L’œcuménisme n’est pas en outre le plus petit dénominateur commun sur lequel
nous pourrions nous entendre, qui reviendrait d’ailleurs à nous nier nous-mêmes
dans notre identité propre, notre spécificité ou la richesse de notre
tradition. Il trahirait le Christ. L’œcuménisme dépasse le consensus
généralisé. Il est le respect de nos différences. Il nous pousse à nous mettre
en marche les uns les autres en nous reconnaissant comme des chercheurs de
Dieu.
Cette découverte
et cette estime réciproques nous pouvons les vivre de manière particulière
quand nous acceptons de partager la même table, mais aussi quand nous sommes
les héritiers d’une histoire humaine commune, ainsi que nos églises St-Paul et
St-Maurice en sont le signe dans cette Neustadt.

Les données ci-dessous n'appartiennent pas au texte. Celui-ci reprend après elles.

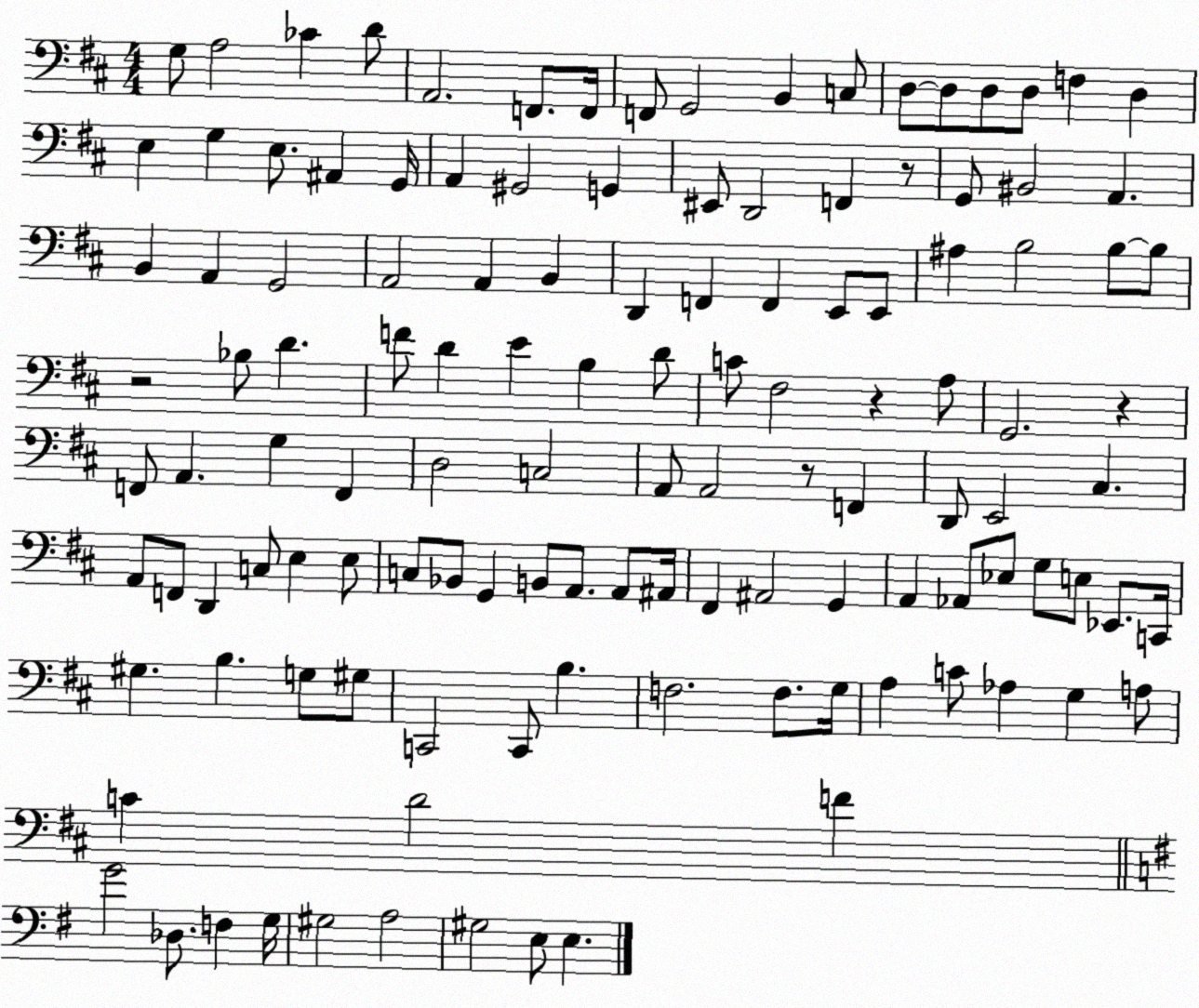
X:1
T:Untitled
M:4/4
L:1/4
K:D
G,/2 A,2 _C D/2 A,,2 F,,/2 F,,/4 F,,/2 G,,2 B,, C,/2 D,/2 D,/2 D,/2 D,/2 F, D, E, G, E,/2 ^A,, G,,/4 A,, ^G,,2 G,, ^E,,/2 D,,2 F,, z/2 G,,/2 ^B,,2 A,, B,, A,, G,,2 A,,2 A,, B,, D,, F,, F,, E,,/2 E,,/2 ^A, B,2 B,/2 B,/2 z2 _B,/2 D F/2 D E B, D/2 C/2 ^F,2 z A,/2 G,,2 z F,,/2 A,, G, F,, D,2 C,2 A,,/2 A,,2 z/2 F,, D,,/2 E,,2 ^C, A,,/2 F,,/2 D,, C,/2 E, E,/2 C,/2 _B,,/2 G,, B,,/2 A,,/2 A,,/2 ^A,,/4 ^F,, ^A,,2 G,, A,, _A,,/2 _E,/2 G,/2 E,/2 _E,,/2 C,,/4 ^G, B, G,/2 ^G,/2 C,,2 C,,/2 B, F,2 F,/2 G,/4 A, C/2 _A, G, A,/2 C D2 F G2 _D,/2 F, G,/4 ^G,2 A,2 ^G,2 E,/2 E,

C’est encore un œcuménisme de la culture. Ici en Alsace, peut-être plus
qu’ailleurs, nos confessions chrétiennes savent l’interpénétration et
l’enrichissement réciproques dont nos quêtes spirituelles sont redevables les
uns aux autres. Je peux témoigner, par mes responsabilités diocésaines, que
l’orgue, par exemple, est un lieu d’œcuménisme admirable et manifeste. Quelle
joie pour les catholiques de goûter à la
plénitude harmonique d’un Bach et que seraient les chorals luthériens sans la
ligne mélodique souvent inspirée de celle du plain-chant grégorien ! Le
génie de l’homme, quand il se laisse façonner par Dieu, sait produire des
chefs-d’œuvre. Quand il met en musique la Parole de Dieu, cette dernière
résonne avec plus d’ampleur et d’efficacité. Elle s’inscrit dans la mémoire du
cœur. Le chemin de l’homme croise celui de Dieu. Qu’aujourd’hui l’amour et la
vérité, la justice et la paix se lient en nous comme une gerbe : c’est
Dieu que nous aurons lié à notre vie. Et Lui nous permettra de nous rencontrer
dans l’unité de la vérité et de la droiture.